I am here with Marty Kearney talking about the weekly options and there is a lot of excitement surrounding these new financial products and what they can do for a trader with a short-term time horizon. Can you tell me more about what that is?
Absolutely, Rob, and good to see you again. The weekly options came about as somewhat of a pilot program. We have always had the monthly option expiration.
When you think about it, we have had options with one week of life left once a month for the last 38 years or whatever so the weeklies have been out there. We added the weeklies. We currently have weekly options on a little less than 200 stocks, ETFs, and indexes, and the interesting thing about weeklies is that the premium is so cheap with only a week to go that we have buyers but we also have people that are natural sellers. They might have a one-and-a-half or two-month option and they don’t think anything is going to happen. Maybe they will sell that one-week option against it.
What we do now, Rob, is, as you know, on Wednesday night, all of the exchanges get together and decide what are we going to add tomorrow, Thursday, for expiration the following Friday.
Right. What is the list?
What is the list? The list pretty much stays with the same cast of characters.
I have noticed that. I follow it every single week.

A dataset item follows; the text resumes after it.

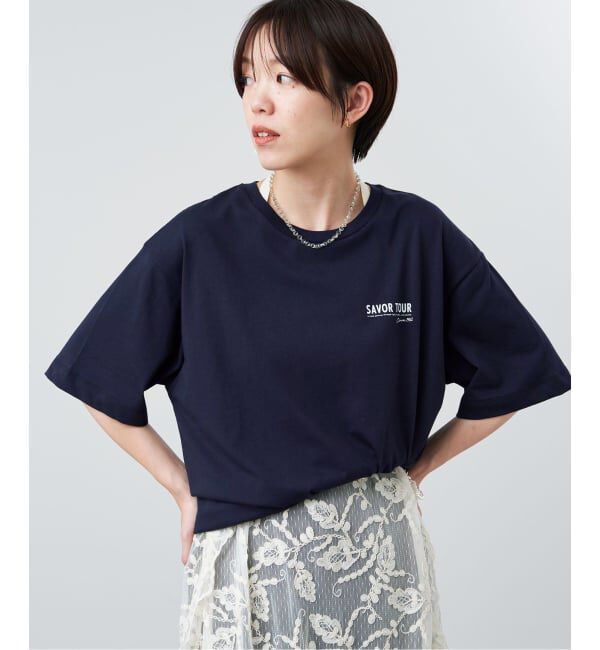 IENA「《追加》バックロゴツアーTシャツ」|Tシャツ・カットソー|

The usual suspects, but they occasionally will drop a stock based on it that just had earnings this week and we don’t need it next week but XYZ is coming out with something interesting next week, a product announcement or earnings or something.
Okay, so then that might be an interesting stock to add. Now, we added something, I know this is being taped, but we added something mid-November. We are now experimenting by adding 10 different stocks that have weekly expiration going out for four consecutive weeks.
Ah, so the little bit of an advance warning that some of these are going to be, right.
Well, yeah, for example, with expiration tomorrow let’s say, all right. We just added the options for next week but in stocks like Apple and GLD, the Q’s, the SPY, the XLF, why don’t we have options expiring on Friday every Friday for the next four weeks until the next expiration.
So, that is interesting, I think, because there have been times where I’ve been thinking I sure would like to sell that weekly option but the premium is not there.
Okay, I don’t want to be on the hook for another four or five weeks, but if I could sell a two-week or a three-week option, this could be something.
It gives a lot of variety and options to traders who are looking for a little bit more variety than just that 30-day expiration.
Absolutely. The weekly options on the volume, it has been changing, it is a moving target, but it has been about 10% to about 12% to 13% of our volume, so there are a lot of people playing the weekly options because they are cheap and, if you are right, that gamma kicks in and it’s going to work for you and, if you are wrong, you have limited risks.
I think the weeklies are a very, very interesting product, whether it is a stock, an ETF, or an index.
This is a great example of the type of things that you are doing to fit the products to the strategies that traders want to do.
Oh, absolutely. This is something that we have been asked for several years. Can’t we have more, we went from monthly to weekly, but we need more, and we are going to give it try and see what happens.